Ulama hadits berbeda dalam memberikan definisi ilmu hadsit dirayah, meskipun dari berbagai definisi itu ada kemiripan batasan-batasan definisi. Ilmu hadits dirayah adalah pembahasan masalah untuk mengetahui keadaan rawi dan yang diriwayahkan, apakah bisa diterima atau ditolak. Ibn Akfani berpendapat, ilmu hadits dirayah adalah ilmu yang dapat mengetahui hakikat riwayah, syarat-syarat, macam-macam dan hukum-hukumnya, ilmu yang dapat mengetahui keadaan para rawi, syarat-syarat rawi dan yang diriwayahkannya serta semua yang berkaitan dengan periwayahannya.
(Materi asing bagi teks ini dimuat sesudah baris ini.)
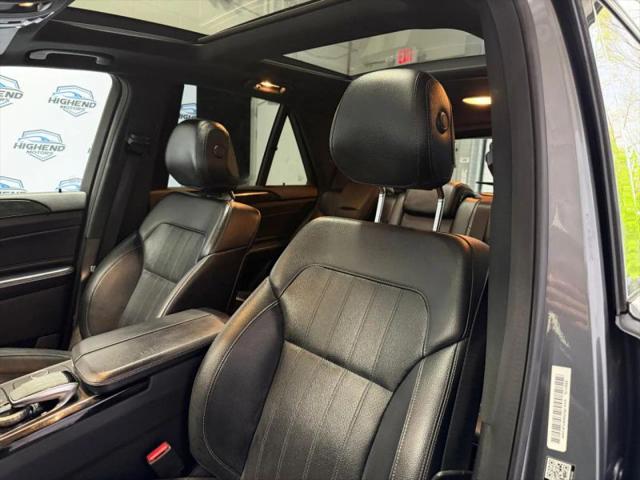 2018 Mercedes-Benz GLE GLE 350 4MATIC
Ulama lain berpendapat, ilmu hadits dirayah adalah ilmu undang-undang yang dapat mengetahui keadaan sanad dan matan. Definisi ini lebih pendek dari definisi di atas. Sedangkan definisi lain sebagaimana di sebutkan ibnu hajar, definisi paling baik dari berbagai definisi ilmu hadits dirayah adalah pengetahuan tentang kaidah-kaidah yang dapat memperkenalkan keadaan-keadaan rawi dan yang diriwayahkan.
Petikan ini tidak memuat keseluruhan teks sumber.